# Excerpted records
· · · ·
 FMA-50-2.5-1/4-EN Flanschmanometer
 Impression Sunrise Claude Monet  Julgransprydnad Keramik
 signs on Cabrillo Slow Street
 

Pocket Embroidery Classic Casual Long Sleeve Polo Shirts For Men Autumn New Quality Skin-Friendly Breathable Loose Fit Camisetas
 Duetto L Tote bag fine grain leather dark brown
· · · ·
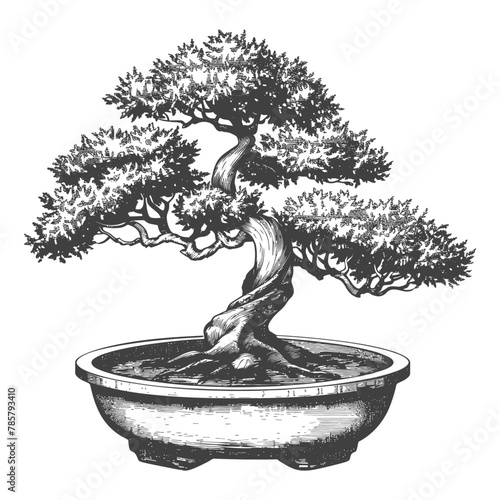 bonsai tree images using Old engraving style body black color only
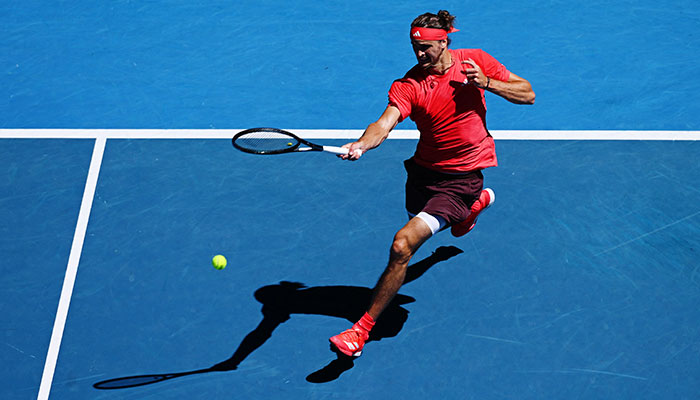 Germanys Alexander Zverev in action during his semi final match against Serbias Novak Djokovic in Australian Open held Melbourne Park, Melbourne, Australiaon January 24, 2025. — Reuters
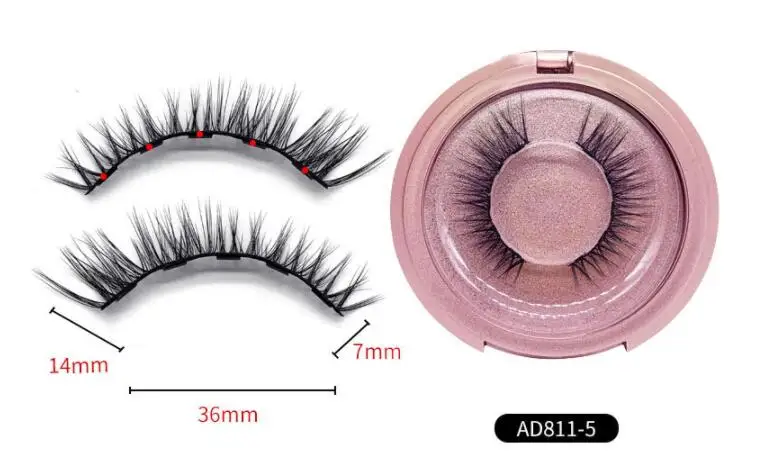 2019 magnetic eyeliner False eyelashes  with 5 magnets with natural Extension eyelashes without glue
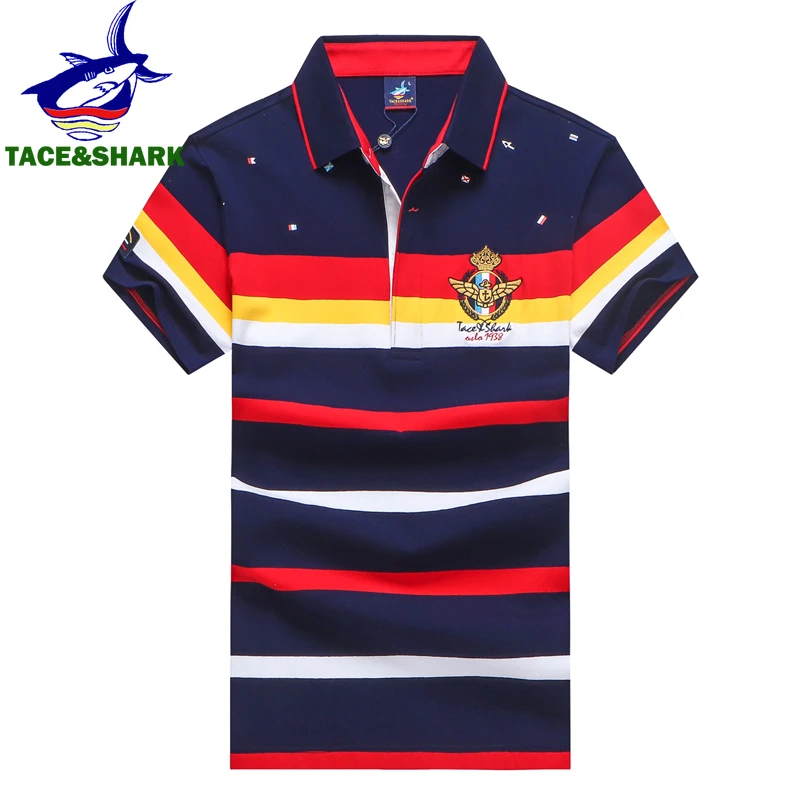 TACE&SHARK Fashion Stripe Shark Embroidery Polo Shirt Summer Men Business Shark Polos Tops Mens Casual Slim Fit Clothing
· · · ·
# What to produce
Output exactly one stretch of the listing: from the line containing "Impression Sunrise Claude" through the line containing "Duetto L Tote", both end lines included.

# Answer to the problem
 Impression Sunrise Claude Monet  Julgransprydnad Keramik
 signs on Cabrillo Slow Street
 

Pocket Embroidery Classic Casual Long Sleeve Polo Shirts For Men Autumn New Quality Skin-Friendly Breathable Loose Fit Camisetas
 Duetto L Tote bag fine grain leather dark brown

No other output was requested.